Creating and deploying a service¶
Tip
The following commands create a helloworld-go sample Service while activating and configuring the Security-Guard extension for this Service. You can modify these commands, including changing the Security-Guard configuration for your service using either the kn CLI or changing the service yaml based on this example.
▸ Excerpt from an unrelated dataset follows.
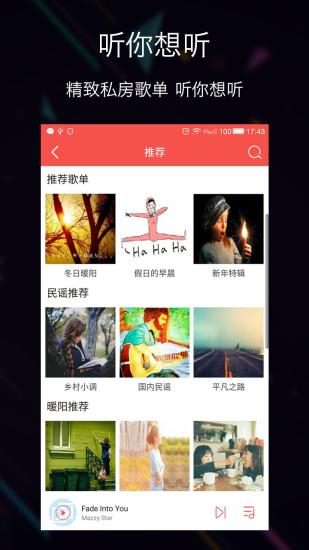 妞妞Show  v1.5.9图3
Create a sample securedService:
-
Create a YAML file using the following example:
apiVersion: serving.knative.dev/v1 kind: Service metadata: name: helloworld-go namespace: default spec: template: metadata: annotations: features.knative.dev/queueproxy-podinfo: enabled qpoption.knative.dev/guard-activate: enable spec: containers: - image: ghcr.io/knative/helloworld-go:latest env: - name: TARGET value: "Secured World" -
Apply the YAML file by running the command:
kubectl apply -f <filename>.yamlWhere
<filename>is the name of the file you created in the previous step.
Creating a service using CLI
kn service create helloworld-go \
--image ghcr.io/knative/helloworld-go:latest \
--env "TARGET=Secured World" \
--annotation features.knative.dev/queueproxy-podinfo=enabled \
--annotation qpoption.knative.dev/guard-activate=enable
Creating a function using CLI.
Add the following deploy.annotations to your func.yaml file located in your project dir"
deploy:
annotations:
features.knative.dev/queueproxy-podinfo: enabled
qpoption.knative.dev/guard-activate: enable
Deploy as you would deploy any other function
kn func deploy
After the Service has been created, Guard starts monitoring the Service Pods and all Events sent to the Service.
Cleanup¶
To remove the deployed service use:
Delete using the YAML file used to create the service by running the command:
kubectl delete -f <filename>.yaml
Where <filename> is the name of the file you created in the previous step.
kn service delete helloworld-go
To remove the Guardian of the deployed service use:
```bash
kubectl delete guardians.guard.security.knative.dev helloworld-go
```
Security-Guard example alerts¶
-
Send an event with unexpected query string, for example:
curl "http://helloworld-go.default.52.118.14.2.sslip.io?a=3"This returns an output similar to the following:
Hello Secured World! -
Check alerts:
kubectl logs deployment/helloworld-go-00001-deployment queue-proxy|grep "SECURITY ALERT!"This returns an output similar to the following:
...SECURITY ALERT! HttpRequest -> [QueryString:[KeyVal:[Key a is not known,],],] -
Send an event with unexpected long url, for example:
curl "http://helloworld-go.default.52.118.14.2.sslip.io/AAAAAAAAAAAAAAAA"This returns an output similar to the following:
Hello Secured World! -
Check alerts:
kubectl logs deployment/helloworld-go-00001-deployment queue-proxy|grep "SECURITY ALERT!"This returns an output similar to the following:
...SECURITY ALERT! HttpRequest -> [Url:[Segments:[Counter out of Range: 1,],Val:[Letters:[Counter out of Range: 16,],Sequences:[Counter out of Range: 1,],],],].